As I look back on our last Thanksgiving, I can recall the anxiety and sadness I felt as this was the first Thanksgiving without my Dad. Every year, our family would gather at my house, some years as many as 18 of us- and the celebration of just being together would start the night before the big turkey day. We would sit around my kitchen table until after midnight, tell stories, share pictures of past holidays and play games with the kids. The wine would flow and the laughter in the house was deafening. Would we still be able to do this without my Dad? Who would make the cranberry sauce? (That was my Dad’s job I got him to do every year – with much supervision, as my Dad didn’t know how to boil water!) There was going to be an empty seat at the head of our table…and I wasn’t sure how we were going to get through this. The tears would start each time I glanced at my dining room table dressed up for the big day.
We did get through Thanksgiving, but things were a bit different. It was more reflective and a bit quieter, but with deeper gratitude. The empty chair at the head of the table remained the empty chair. I left it open for someone to sit in it, but no one sat there. It remained empty. I think that chair was symbolic that Dad was still with us through our dinner. It was OK that it was empty. We gave thanks for what we had– especially for each other. We lit a candle in my Dad’s honor and shared memories from past Thanksgivings. It had been a tough year and we got through it and from it – we shared a deeper gratitude for each family member. There were some tears that day, but there was also some laughter. I know that my Dad would have wanted it that way. He loved the family together, loved the laughter and would have wanted us to celebrate together with much love and thanksgiving for so many blessings.
The holidays can be an especially difficult time of year after the loss of a loved one. When everyone around you is celebrating and happy, you may be feeling pain and sadness. Much anxiety may be felt leading up to a holiday, which may be actually worse than the day itself.
Here are some tips to make it through those tough days…
– That “empty chair”… do you keep it at the table, or do you remove it? I kept it there and felt that it was right for my family. There is no right or wrong answer to this – go with what your heart is telling you.

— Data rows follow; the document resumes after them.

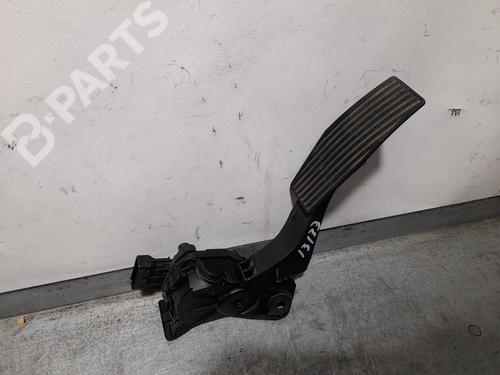 Used Pedal OPEL ASTRA J (P10) 1.6 (68) (115 hp) 10865771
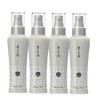 Set of [x4] dyiatekku Design Free Fin BC 100ml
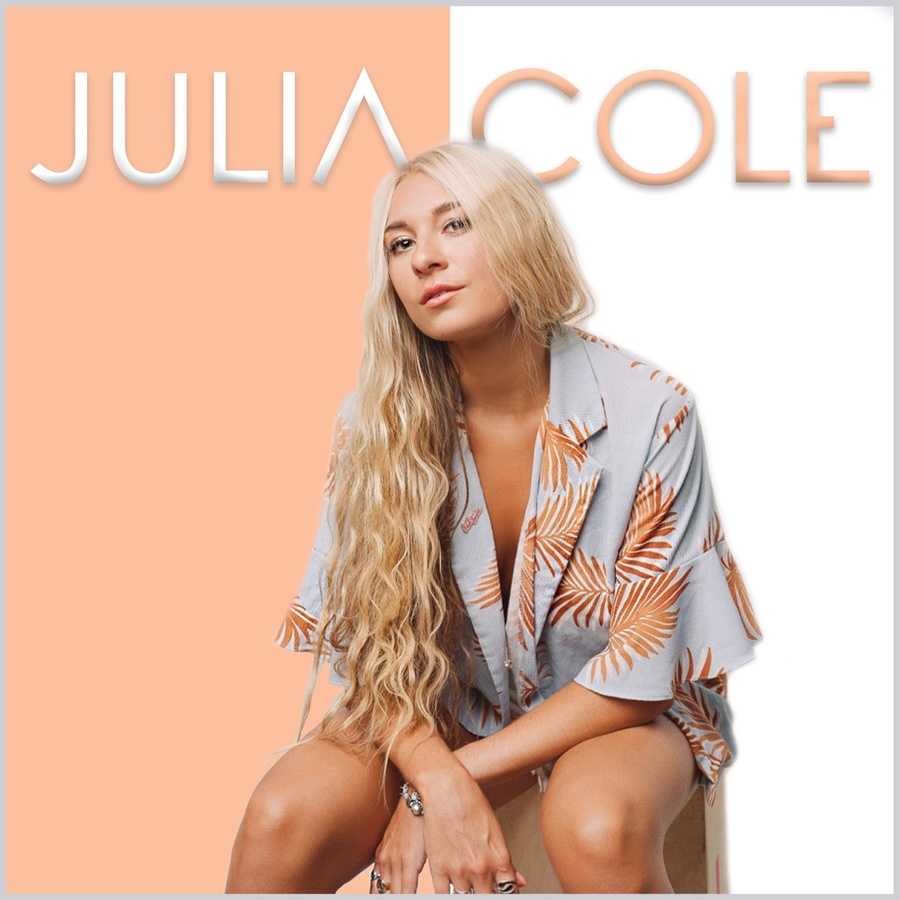 Julia Cole - Julia Cole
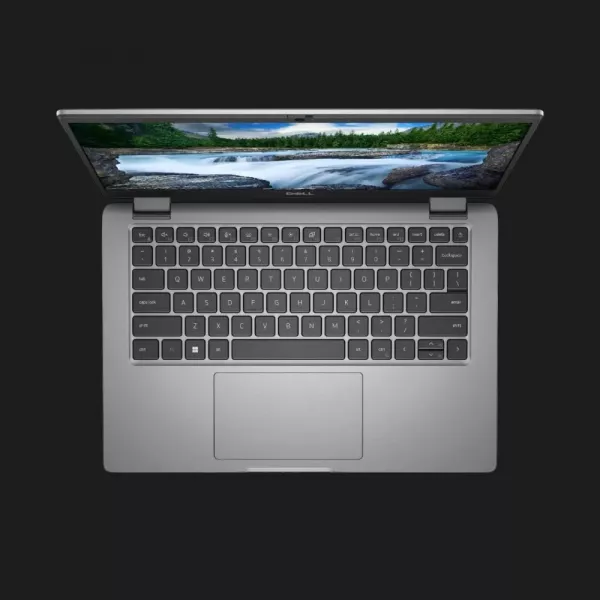 Ноутбук Dell Latitude 3340 13.3" (Intel Core i3/8GB/512GB (SSD)/Intel UHD) (LAT0187823-R0023542080) (Standard)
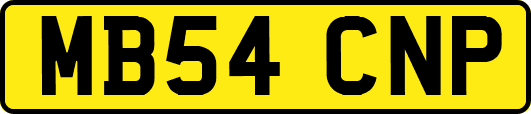 MB54CNP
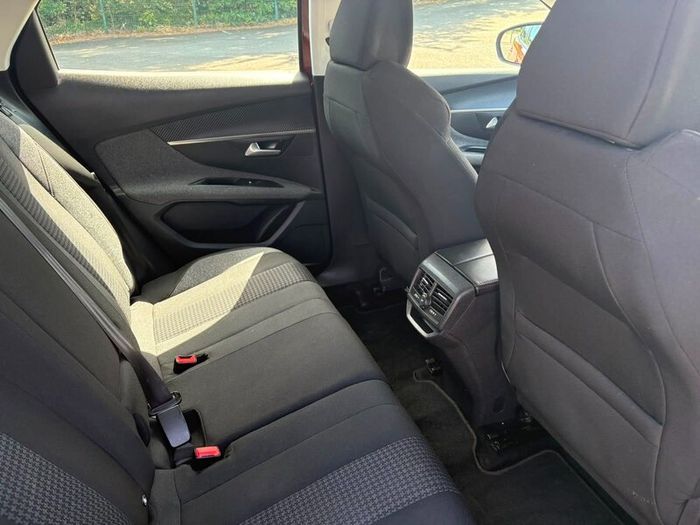 2018 Peugeot 3008 Diesel NCT July 2028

– Don’t over schedule yourself. Have some quiet times to ground yourself prior to the actual holiday. Set realistic goals for yourself.
– You don’t always have to do things the way you’ve always done them. Establish new traditions. This doesn’t mean you are throwing away the old ones – you may go back to them when you are ready to.
– Address the “elephant in the room”, by acknowledging your loved one and including that person somehow in your holiday gathering. Lighting a candle, making a toast in his or her honor, or sharing memories or funny stories. It may be difficult to start this conversation, but will be very healing.
– Give thanks for what you had and what you still have… stop and take a moment to think about what you are thankful for: your health, family, loved ones, etc…
– Most of all, embrace and remember that you had the love of a wonderful person, whose legacies of love and memories will be in your heart always.